Realizing his cannon could be captured by enemy troops breaking out of the wooded undergrowth along the creek, DeGolyer moved back to a slight ridge about a hundred yards south of here. Eventually twenty-two cannon were arrayed to support the infantry.
While the guns were positioned close to the creek, the artist-journalist Theodore Davis documented the unfolding battle. The engraved illustration on the left, published in Harper's Weekly newspaper, is the same view toward the bridge today. The sketch on the right is probably an extension of this scene but is relatively unknown. This sketch and the artist's description verify many details about the battle such as General Logan's (on horseback) heroic rallying of the troops.
"There is still a reminder of the incident in the form of a scar on my left knee as large as a half-dollar, made by the bullet that killed my horse."

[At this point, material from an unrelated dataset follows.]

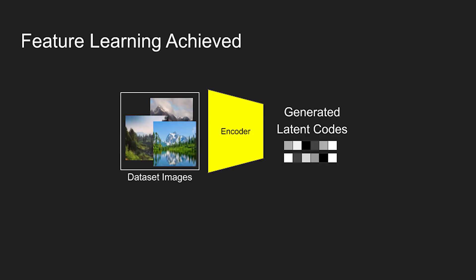Once training is complete, the generator and discriminator can be discarded, as the encoder has now learned how to build an abstract representation for an image. This satisfies the objective, which was to build an AI model which can build a feature representation for an image.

"Many persons have said that since my duty was only to see, and not to fight, they should think that I would not be shot at, and so did not incur danger of being it .... My most peculiar experience of this sort was having a sketch-book shot out of my hand and sent whirlin over my shoulder."
Theodore (Theo) Davis (far above), was shot in the knee and his horse was killed at Raymond while making these sketches.